WordPress 7.0 AI Integration
# WordPress 7.0 Web Client AI API Deep Dive: Connecting Local LLM to Your Admin Panel in 3 Steps
WordPress 7.0 shipped in May 2026 with a developer-facing feature that deserved more attention: the Web Client AI API. It gives theme and plugin developers a standardized way to call locally-running LLMs (via Ollama) directly from the WordPress admin interface—without building your own AI backend.

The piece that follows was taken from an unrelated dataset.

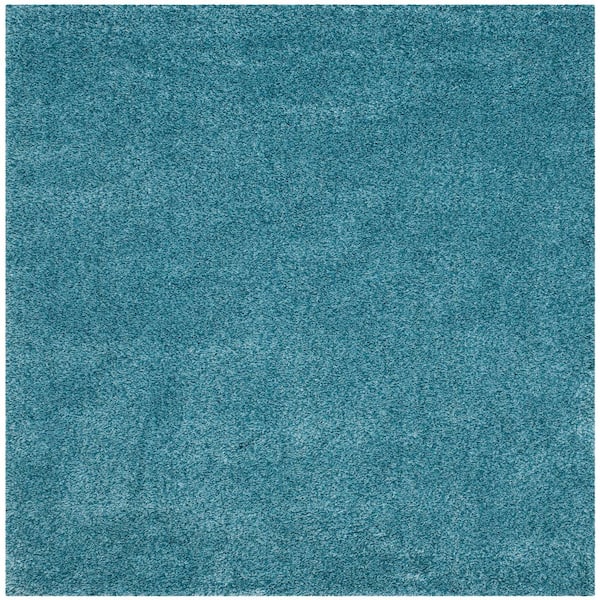 SAFAVIEH California Shag Turquoise 4 ft. x 4 ft. Square Solid Area Rug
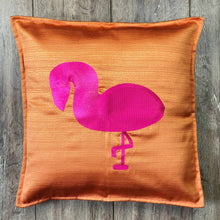 Flamingo on Orange Shantung Cushion Cover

This article covers the technical architecture, 3-step configuration, and the 7 real production pitfalls I hit during a 2-week deployment. All commands and configs are verified on Ubuntu 22.04 + PHP 8.3 + WordPress 7.0.
Architecture: How Web Client AI API Works
Before WP 7.0, integrating AI into the WordPress admin meant two paths:
1. Build your own AI backend: A Flask/FastAPI service calling OpenAI or a self-hosted LLM, proxied through WordPress. Problem: separate service to maintain, API keys to manage, CORS to configure, model updates require code changes.
2. Use a third-party AI plugin: Integrate Myllama, Ambient Sound, and similar. Problem: poor extensibility, no custom prompts, model choices locked by plugin.
Web Client AI API adds a third path: WordPress-core standardized interface that themes and plugins can build on, calling a local Ollama instance—true "local-first" AI strategy.
Call chain:
WordPress Admin UI (JavaScript)
→ wp.apiFetch({ path: '/wp/v2/ai/chat' })
→ WordPress REST API (/wp/v2/ai/chat endpoint)
→ Ollama (localhost:11434)
→ Local LLM (llama3.2 / mistral / qwen2.5)
**Key constraint**: Ollama must be running on the server (ollama serve). WordPress is the client, not the LLM host. Advantages: data stays on server, zero API costs, supports air-gapped deployments.
Prerequisites: My Test Environment
Hardware
- CPU: AMD Ryzen 7 5800X (8-core, 16-thread)
- RAM: 32GB DDR4
- Storage: NVMe SSD (Ollama model library here—IO speed affects model loading time)
- GPU: **None** (CPU-only inference, all benchmarks below are CPU-only)
Verified Software Versions
# OS
cat /etc/os-release
# NAME="Ubuntu"
# VERSION="22.04.4 LTS (Jammy Jellyfish)"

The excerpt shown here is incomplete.